A common problem in all assessment systems is that of ‘central tendency’: everyone is average. In cases where the scale has five intervals, everyone gets ‘3’. If it is a seven-point scale, then everyone gets ‘4’. Attempts to combat this using even- numbered scales simply offset the ‘centre’: everyone is still a ‘3’. Central tendency is often a manifestation of a lack of a clear performance standard. If I am not sure of the expected standard, then I cannot go wrong with ‘average’. Equally, if I give a low score, then I have to justify to the trainee why I viewed the performance the way I did and that can be uncomfortable. If I give a high score, then I might have to justify my decision to management. So, a ‘3’ is the easy way out. Another problem is ‘scale clipping’. In this case, assessors adopt the attitude that no pilot is bad enough to warrant a T or else we would not have given them a job. At the other end of the scale, ‘there is always room for improvement’ and, so, the best you can get is a ‘4’ on a five-point scale. Grade manipulation can sometimes result from experience levels or a belief that pilot ability should improve over time. In the case of experience, it is only natural that a new-hire pilot might not be as competent as an experienced line pilot (summative v formative assessment). The idea that pilots should get better with experience, logically, means that more than four intervals would be needed to capture performance in a career airline. Status can shape grading, and I have seen examples where management pilots always score ‘straight 5s’ on their assessment, training captains get all ‘4’s and the rest of the pilots fight it out for the remaining numbers. Following on from this idea is the problem of, for want of a better word, vanity. I have seen situations where very senior captains expect top scores not just because of their performance (which is, more often than not, good) but simply because of their position in the airline. I have heard the argument made to retain a ‘top score’ on the scale simply as a way of rewarding longevity. That said, I have also seen high, but unrealistic, scores awarded to trainees as a way of motivating them. The grading of performance is a social act, but the more the social factors intrude in the process, the less valuable the activity becomes.

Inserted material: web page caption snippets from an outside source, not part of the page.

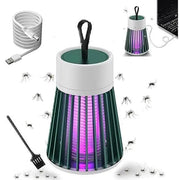 Mosquito Insect Bug Zapper Trap Killer LED Lamp/Electronic Mosquito Killer – view 1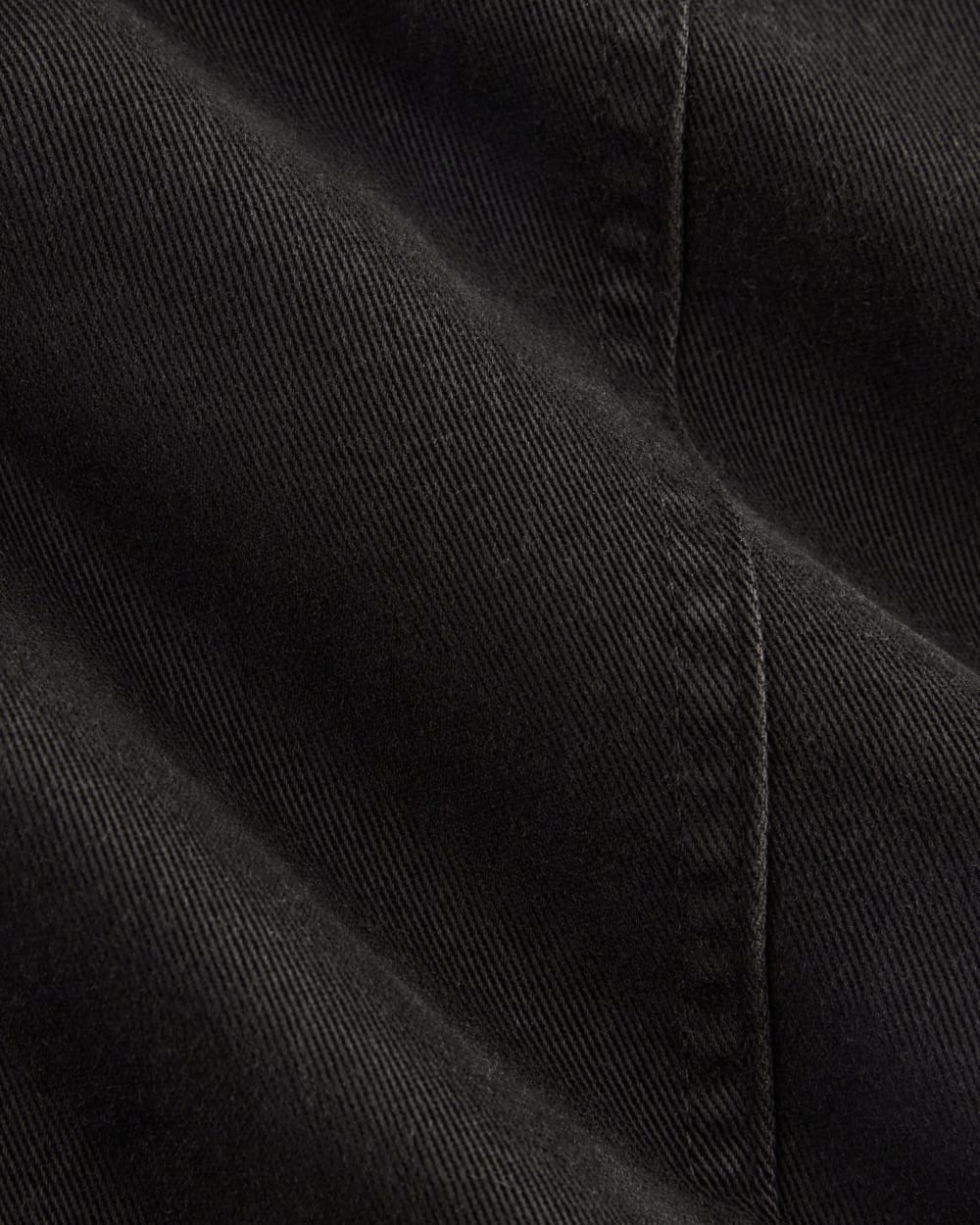 womens-tencel-darted-utility-short-black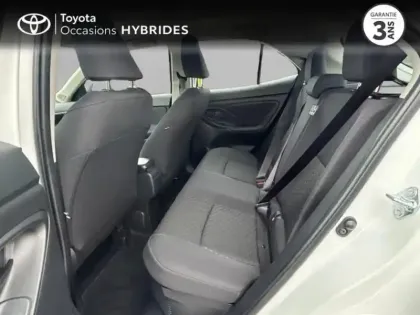 Photo 11 Toyota Yaris  Cross 116h Dynamic Business + Programme Toyota Experience MC24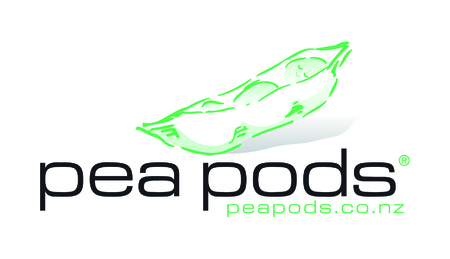 Pea Pods New Zealand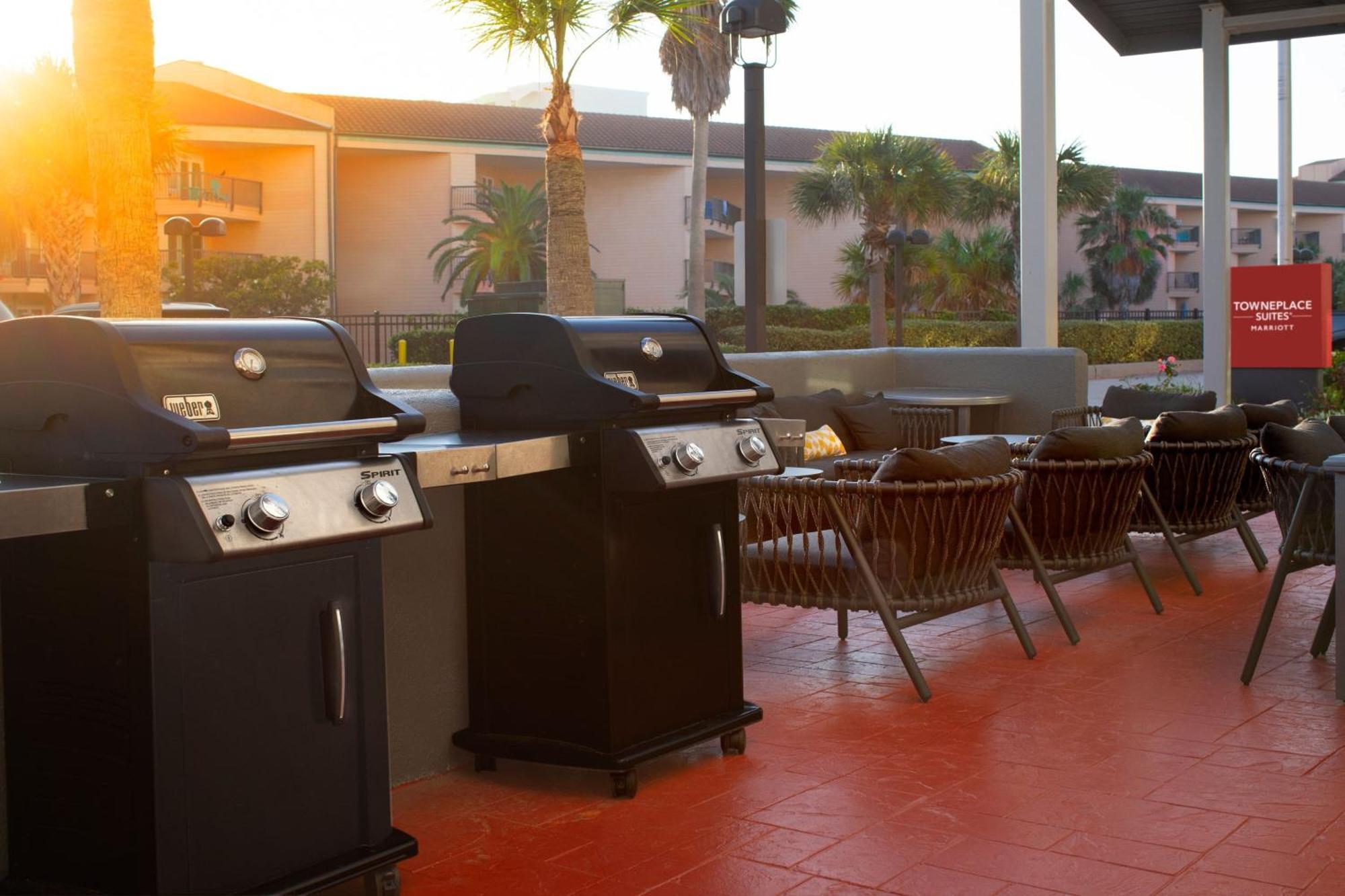 Towneplace Suites By Marriott Galveston Island Luaran gambar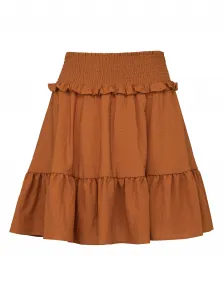 Orsay Brown Women's Skirt - Women's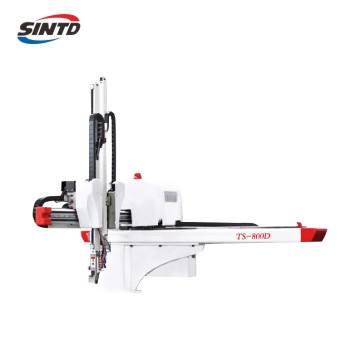 SINTD TS-800D Three-Axis Servo Traverse Arm Robot for Injection Molding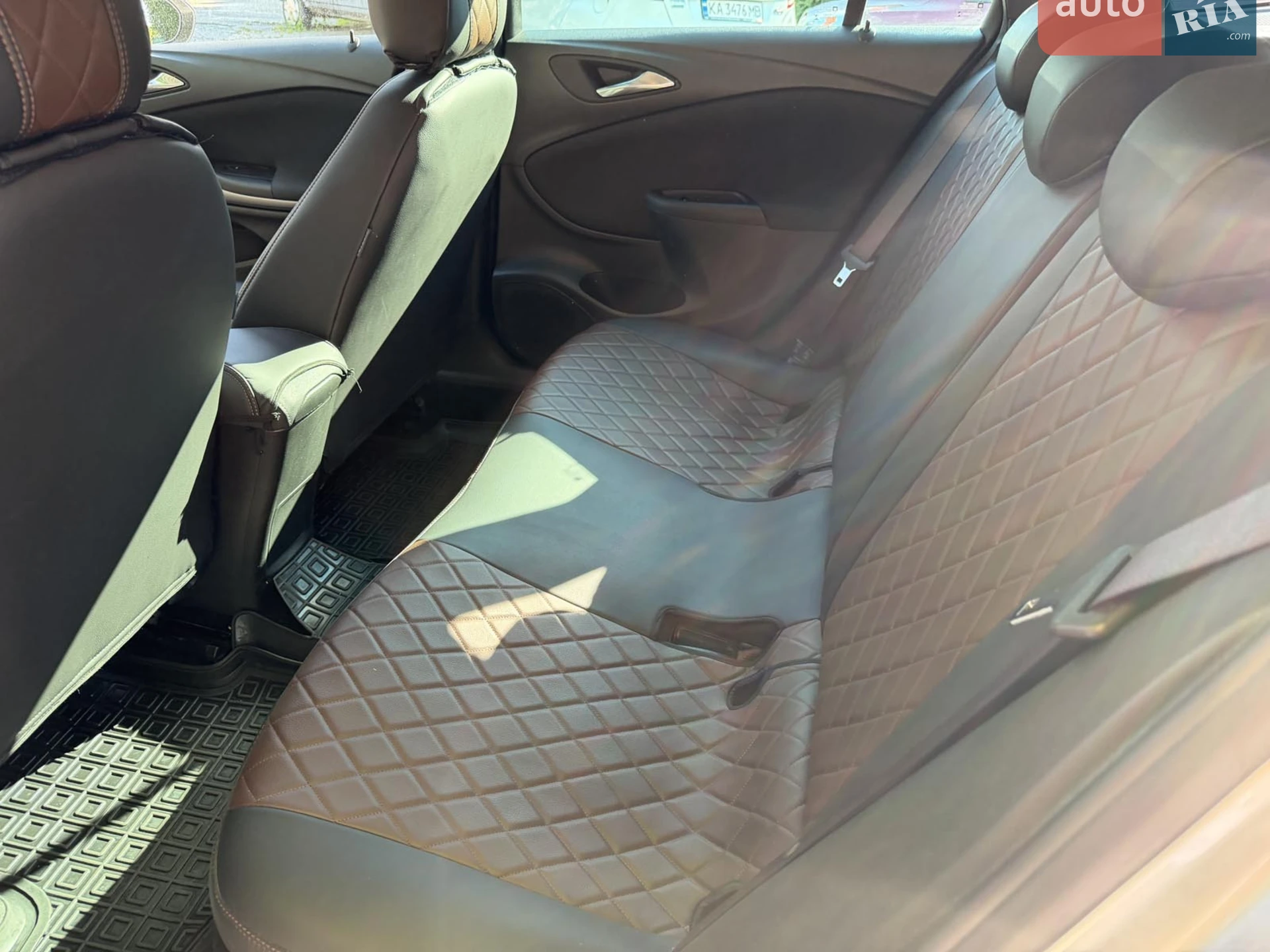 2019 Opel Astra - мініатюра 17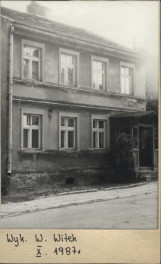 budynek mieszkalny, skan 2
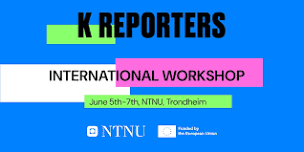 K-Reporters International Workshop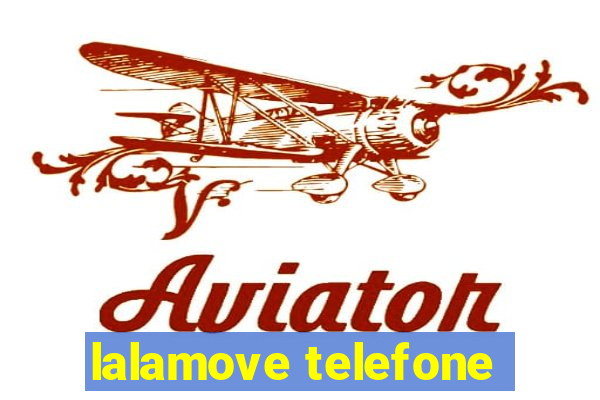 lalamove telefone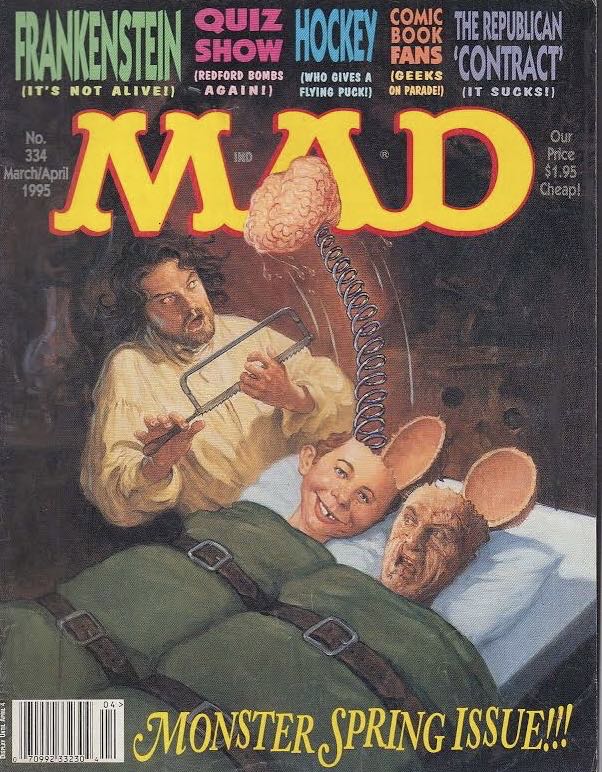 Alan Ford 232 - Perestrojka (1988)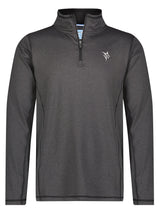 Montauk Quarter Zip Midweight Comfort - White Water Life - Flyclothing LLC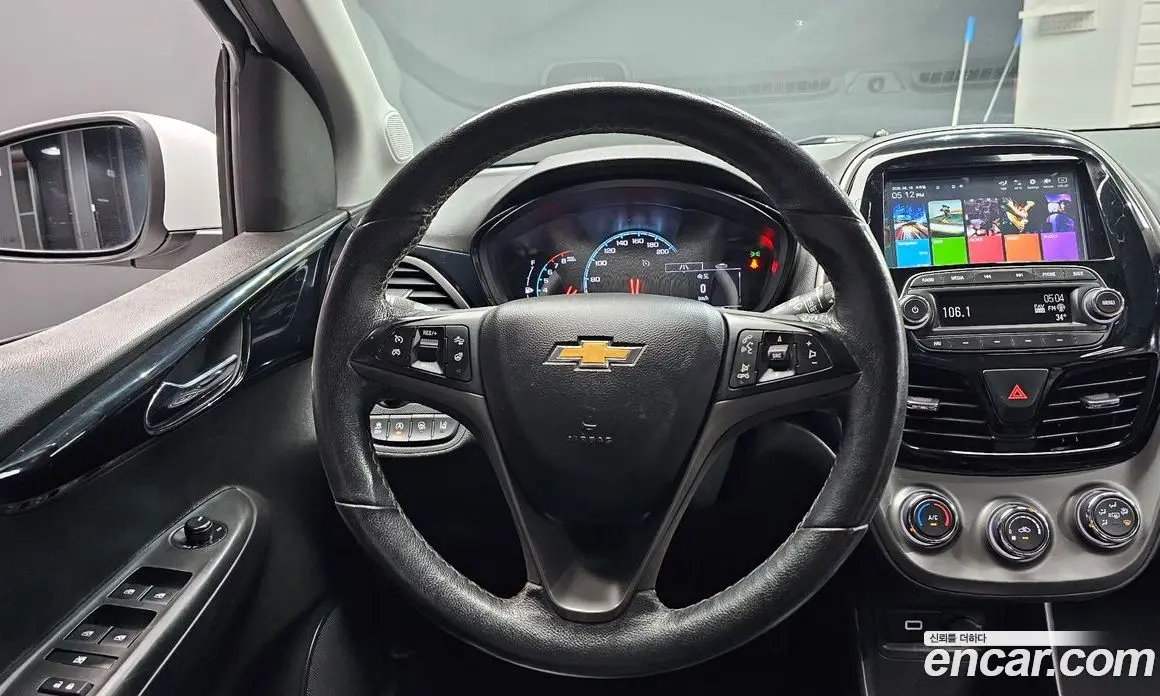 Chevrolet Spark 2018 1.0 автомат (гидро), фото 19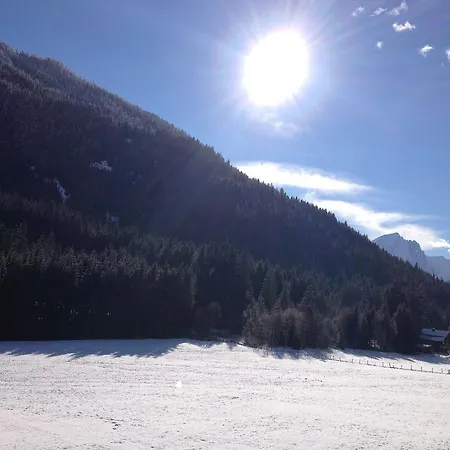 Traumblick Dolomiten Апартаменты Винклерн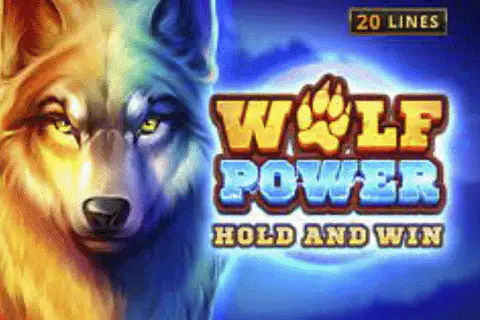 Wolf Power: Hold and Win Free Slot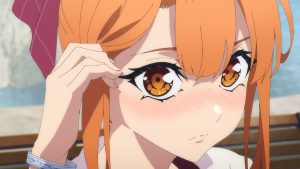Tsue to Tsurugi no Wistoria Episodio 8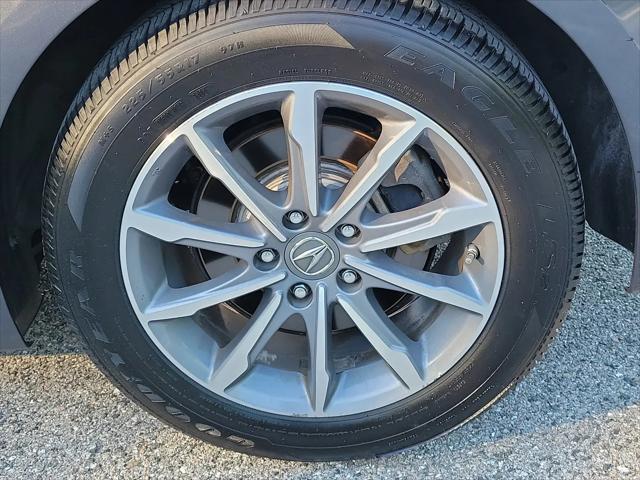 2018 Acura TLX Base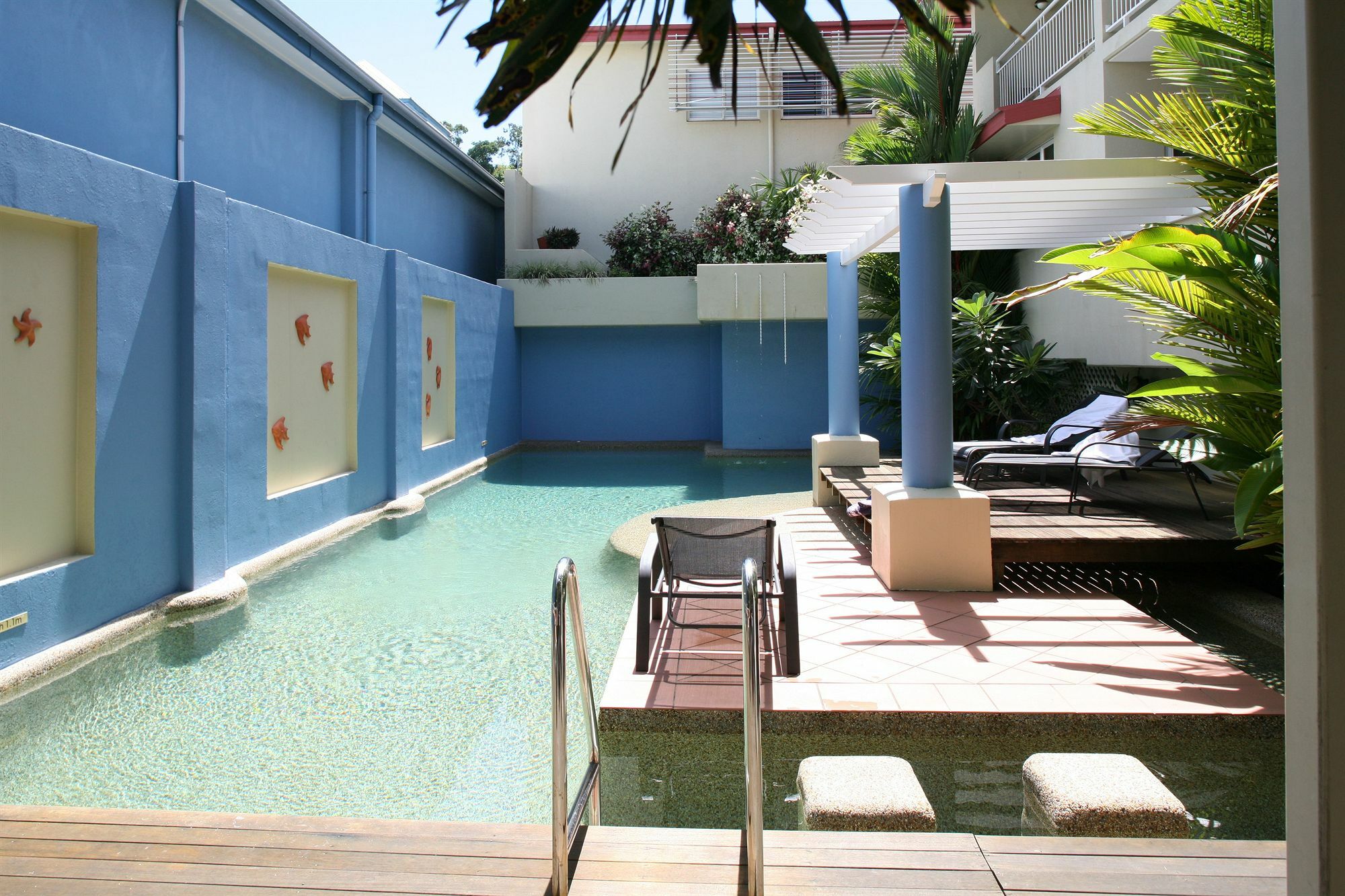 Macrossan House Boutique Holiday Apartments Πορτ Ντάγκλας Εξωτερικό φωτογραφία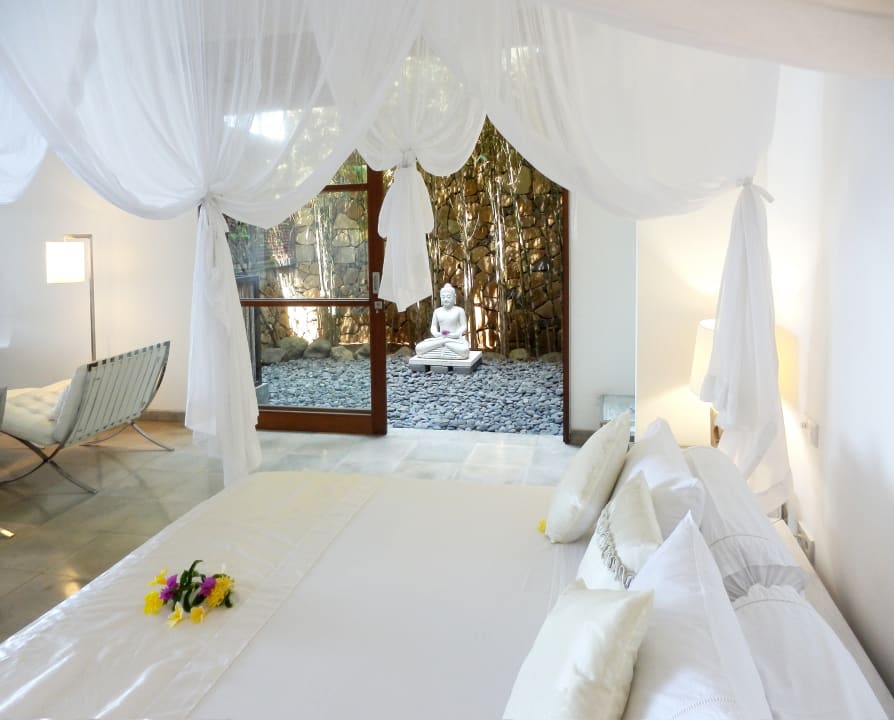 Zimmer Shunyata Villas Bali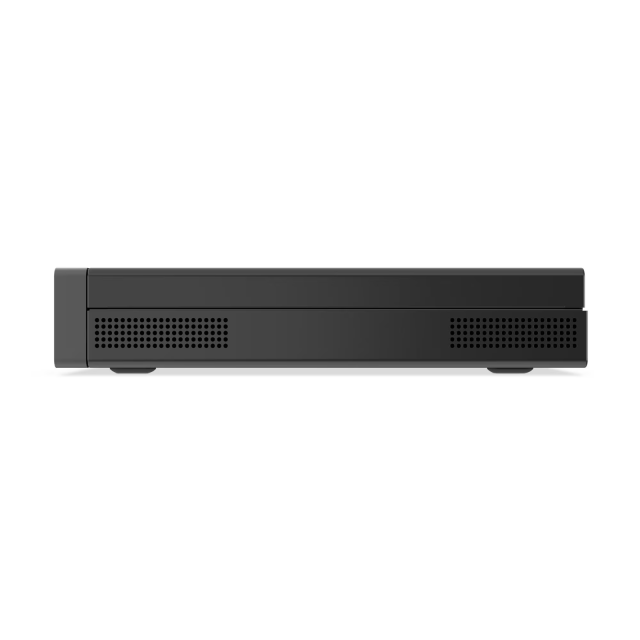 Компютър Lenovo ThinkCentre neo 50q Gen 5, Intel Core i3-1315U 6C (0.9 / 4.50 GHz, 10MB Cache), Intel UHD Graphics 64EUs, 16GB DDR5 SODIMM, 512GB SSD M.2 NVMe, Wi-Fi 6E  + BT5.3, Ethernet RJ-45, Free DOS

Poorly designed grade scales will affect reliability in that the data collected across time will be inconsistent. We need to establish what level of sensitivity - the number of intervals - will provide the data needed to satisfy the measurement goals (the reason for assessing). The intervals or categories must be defined in meaningful terms, using agreed benchmarks if possible. The reasons for categorising performance must be made clear to the pilot group, and the assessors must be disciplined in their use of the system.